Task: Return each line of the material verbatim.
*** Opening of Data extract ***
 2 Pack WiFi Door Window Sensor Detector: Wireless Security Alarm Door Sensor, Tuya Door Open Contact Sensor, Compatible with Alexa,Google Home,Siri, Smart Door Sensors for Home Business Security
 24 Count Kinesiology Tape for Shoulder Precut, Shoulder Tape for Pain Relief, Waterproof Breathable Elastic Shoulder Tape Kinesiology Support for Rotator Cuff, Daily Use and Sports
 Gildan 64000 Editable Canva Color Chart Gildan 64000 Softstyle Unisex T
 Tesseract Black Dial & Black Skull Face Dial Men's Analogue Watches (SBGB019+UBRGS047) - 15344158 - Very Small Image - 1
*** Close of Data extract ***
Solution to this exercise:
 2 Pack WiFi Door Window Sensor Detector: Wireless Security Alarm Door Sensor, Tuya Door Open Contact Sensor, Compatible with Alexa,Google Home,Siri, Smart Door Sensors for Home Business Security
 24 Count Kinesiology Tape for Shoulder Precut, Shoulder Tape for Pain Relief, Waterproof Breathable Elastic Shoulder Tape Kinesiology Support for Rotator Cuff, Daily Use and Sports
 Gildan 64000 Editable Canva Color Chart Gildan 64000 Softstyle Unisex T
 Tesseract Black Dial & Black Skull Face Dial Men's Analogue Watches (SBGB019+UBRGS047) - 15344158 - Very Small Image - 1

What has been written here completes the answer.